2003 film by Masahiro Shinoda

Spy Sorge (スパイ・ゾルゲ, Supai Zoruge) is a 2003 Japanese historical drama biographical film co-written and directed by Masahiro Shinoda, about the World War II-era Soviet spy Richard Sorge. It stars Scottish actor Iain Glen in the title role. Shinoda intended the film, a long and lavish production, to be his final feature. True to his word, the director died 22 years later without having directed another film.

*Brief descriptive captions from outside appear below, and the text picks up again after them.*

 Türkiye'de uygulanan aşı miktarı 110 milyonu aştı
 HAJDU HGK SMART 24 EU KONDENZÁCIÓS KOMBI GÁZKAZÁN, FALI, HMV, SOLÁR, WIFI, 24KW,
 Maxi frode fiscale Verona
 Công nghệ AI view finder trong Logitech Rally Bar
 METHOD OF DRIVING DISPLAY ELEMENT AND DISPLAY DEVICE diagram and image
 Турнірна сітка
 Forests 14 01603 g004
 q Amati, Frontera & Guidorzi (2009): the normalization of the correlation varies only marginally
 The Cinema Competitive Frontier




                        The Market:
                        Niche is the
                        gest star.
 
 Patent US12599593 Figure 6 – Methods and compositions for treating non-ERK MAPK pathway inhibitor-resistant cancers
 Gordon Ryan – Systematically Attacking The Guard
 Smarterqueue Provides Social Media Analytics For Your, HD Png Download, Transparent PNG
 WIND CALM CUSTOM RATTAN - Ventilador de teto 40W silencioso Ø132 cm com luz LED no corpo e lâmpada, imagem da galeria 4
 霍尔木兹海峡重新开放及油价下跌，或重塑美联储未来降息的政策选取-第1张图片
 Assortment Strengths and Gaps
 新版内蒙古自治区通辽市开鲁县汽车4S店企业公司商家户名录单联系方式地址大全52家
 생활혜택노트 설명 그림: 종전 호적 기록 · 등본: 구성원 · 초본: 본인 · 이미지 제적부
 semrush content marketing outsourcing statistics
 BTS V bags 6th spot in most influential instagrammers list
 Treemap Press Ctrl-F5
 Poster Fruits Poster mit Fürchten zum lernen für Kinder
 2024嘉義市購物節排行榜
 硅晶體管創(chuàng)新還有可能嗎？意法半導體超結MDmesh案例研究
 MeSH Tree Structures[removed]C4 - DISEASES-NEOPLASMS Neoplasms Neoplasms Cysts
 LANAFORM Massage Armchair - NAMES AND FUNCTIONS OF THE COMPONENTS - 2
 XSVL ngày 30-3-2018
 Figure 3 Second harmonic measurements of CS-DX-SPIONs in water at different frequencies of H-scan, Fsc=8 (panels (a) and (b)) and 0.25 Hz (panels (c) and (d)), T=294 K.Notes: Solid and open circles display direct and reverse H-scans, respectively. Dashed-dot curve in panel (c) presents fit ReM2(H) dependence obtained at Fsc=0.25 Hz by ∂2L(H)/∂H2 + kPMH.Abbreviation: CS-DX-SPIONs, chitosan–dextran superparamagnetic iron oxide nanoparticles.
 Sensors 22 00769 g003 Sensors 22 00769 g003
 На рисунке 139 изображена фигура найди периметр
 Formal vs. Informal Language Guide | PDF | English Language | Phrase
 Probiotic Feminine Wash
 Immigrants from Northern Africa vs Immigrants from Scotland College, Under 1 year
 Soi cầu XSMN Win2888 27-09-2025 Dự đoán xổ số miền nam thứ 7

Spy Sorge achieved only modest critical success and failed to recoup its budget at the box office. Despite this, the film received multiple nominations at the 27th Japan Academy Awards.

==Plot==
The film presents the life of Richard Sorge (Iain Glen), a German spy for the Main Intelligence Directorate (GRU) of the Soviet Army in Japan. Sorge and his contact Hotsumi Ozaki (Masahiro Motoki) are arrested by the Tokubetsu Kōtō Keisatsu (Special Higher Police) in Tokyo, and Sorge recounts the main events in flashbacks.

==Technical details==
- Writers: Robert Mandy & Masahiro Shinoda
- Producers: Masato Hara, Masaru Koibuchi & Peter Rawley for Asmik Ace Entertainment & Manfred Durniok Filmproduktion
- Music: Shin’ichirō Ikebe
- Photography: Tatsuo Suzuki
- Length: Japan: 182 min
- Country: Japan / Germany
- Language: Japanese
- Colour: Colour
- Sound: Dolby Digital

==Awards and nominations==
27th Japanese Academy Awards
- Won: Best Art Direction (Hajime Oikawa)
- Nominated: Best Film
- Nominated: Best Director (Masahiro Shinoda)
- Nominated: Best Screenplay (Masahiro Shinoda, Robert Mandy)
- Nominated: Best Cinematography (Tatsuo Suzuki)
- Nominated: Best Editing (Hiroshi Okuda)
- Nominated: Best Music Score (Shin'ichirō Ikebe)
- Nominated: Best Lighting (Hideshi Mikami)
- Nominated: Best Sound (Tetsuo Segawa)

58th Mainichi Film Awards
- Won: Mainichi Film Award for Excellence Film (shared with Like Asura, Zatōichi and Doppelganger)

==Release==
Spy Sorge was released in theaters in Japan on June 14, 2003. The film was also intended for international theatrical distribution, but these plans were cancelled after it became a box-office bomb in its native country. Central Partnership planned for a theatrical release in Russia, but this was also cancelled; it was released straight to VHS and DVD in that country instead.

==Home media==
The film was released on VHS and DVD on November 21, 2003 by Asmik Ace Entertainment in Japan, and on February 12, 2004 by CP Digital in Russia.